- **BRIEF**
Copy the material below verbatim from the line with "頭蓋骨の素材を使った顔の描き方を美術解剖学者が伝授！初心者向けの" to the line with "The beige seashell on the blue background", both lines included, omitting pictures and every line outside that range.

- **DATA FOR THIS TASK**
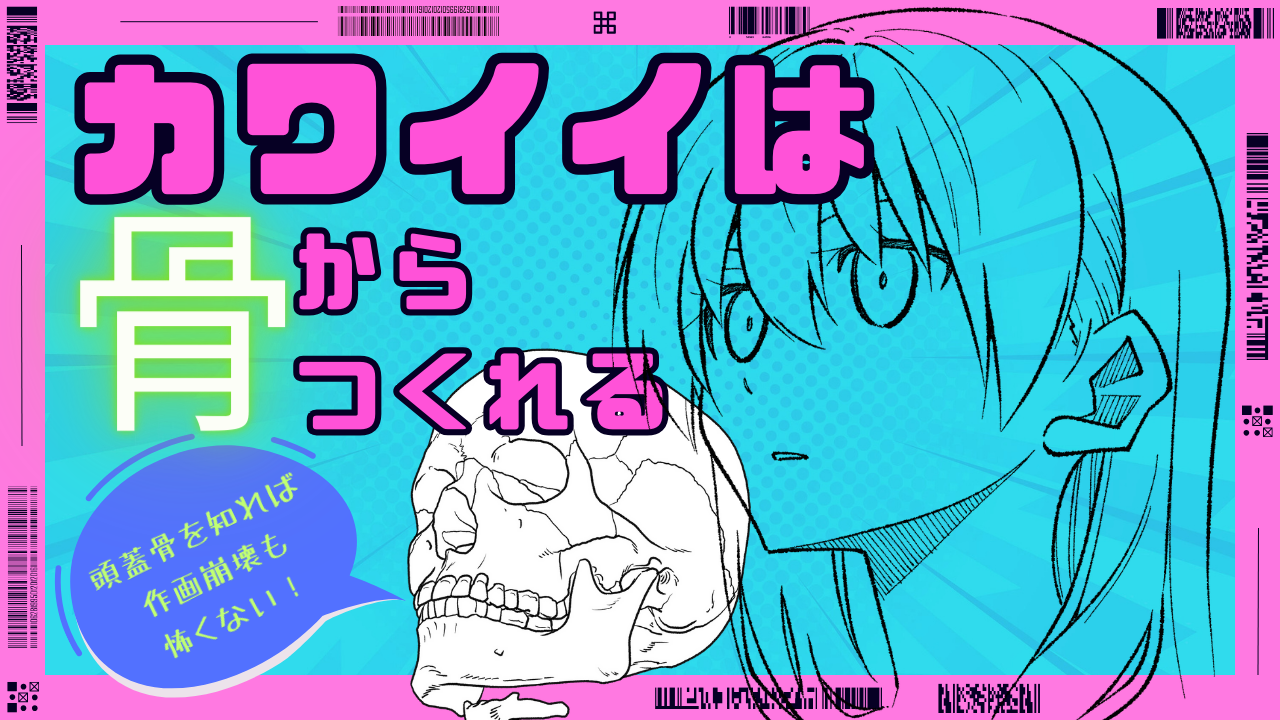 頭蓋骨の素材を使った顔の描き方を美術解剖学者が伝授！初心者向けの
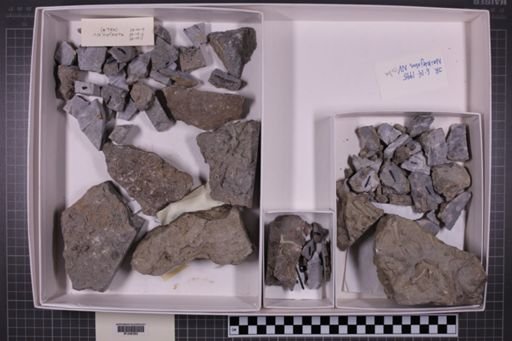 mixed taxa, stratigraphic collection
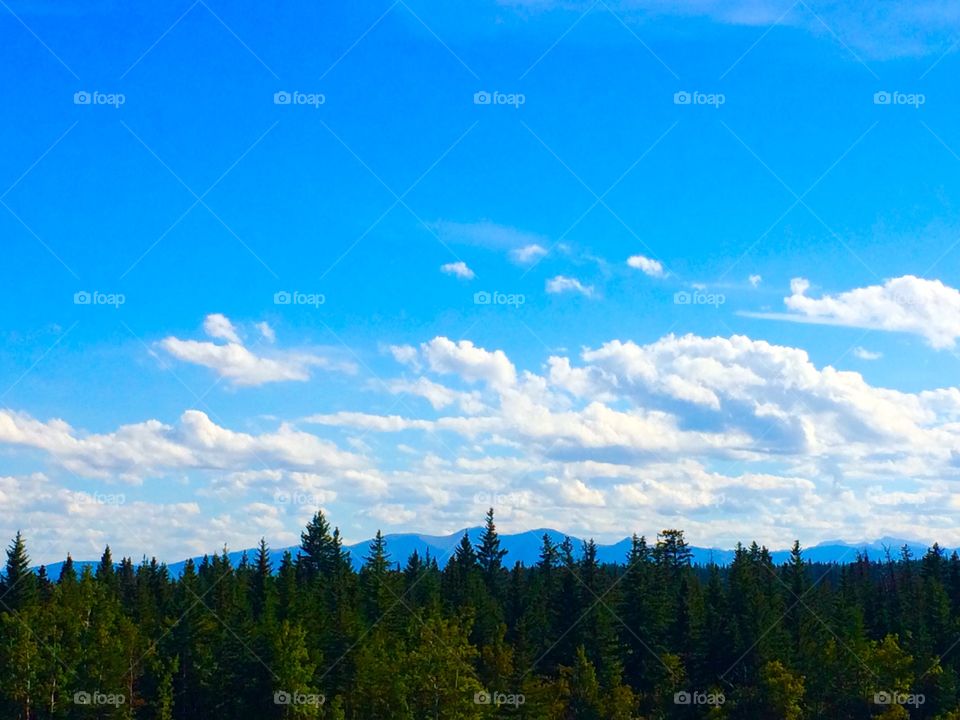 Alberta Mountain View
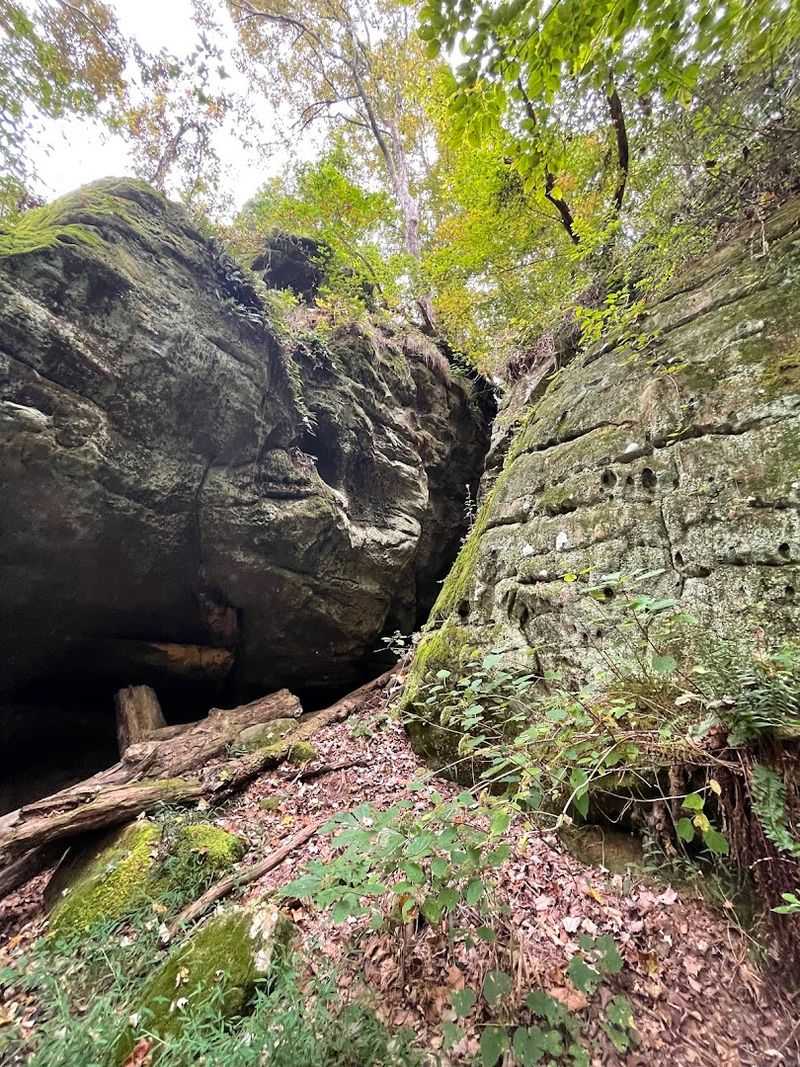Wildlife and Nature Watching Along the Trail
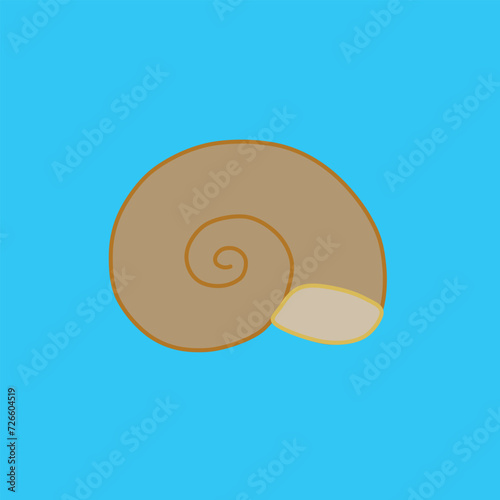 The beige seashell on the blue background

---

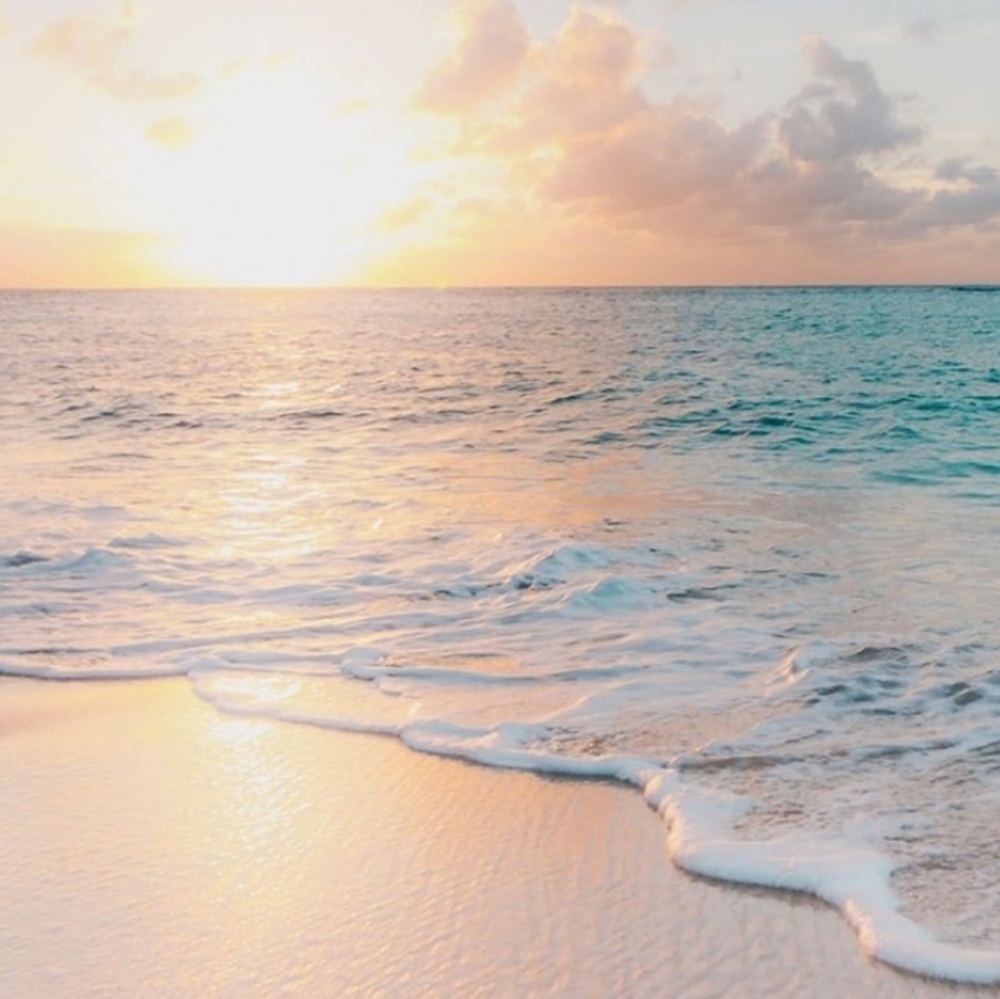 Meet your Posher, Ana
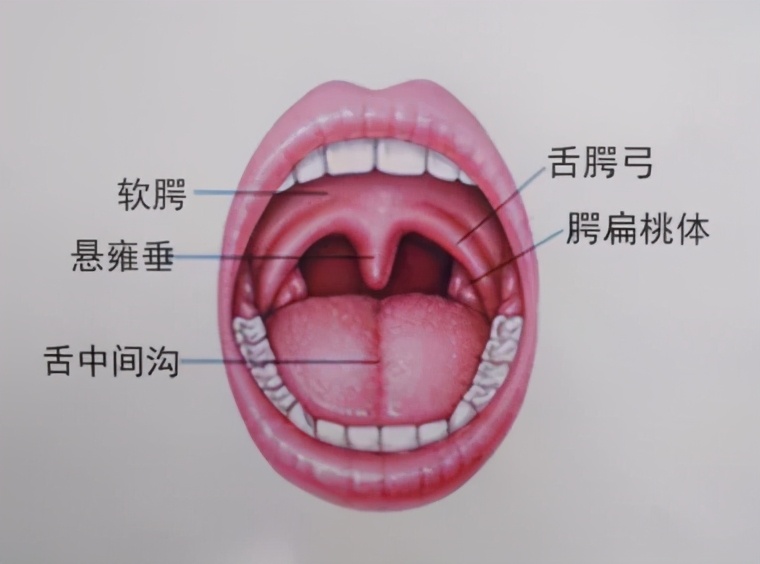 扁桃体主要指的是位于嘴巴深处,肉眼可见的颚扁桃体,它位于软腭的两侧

* * *

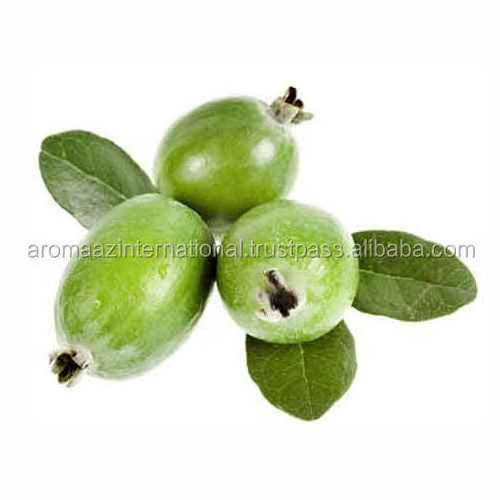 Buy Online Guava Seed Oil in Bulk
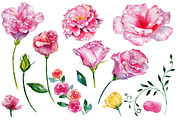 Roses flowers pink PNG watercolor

- **WRITTEN REPLY**
 頭蓋骨の素材を使った顔の描き方を美術解剖学者が伝授！初心者向けの
 mixed taxa, stratigraphic collection
 Alberta Mountain View
Wildlife and Nature Watching Along the Trail
 The beige seashell on the blue background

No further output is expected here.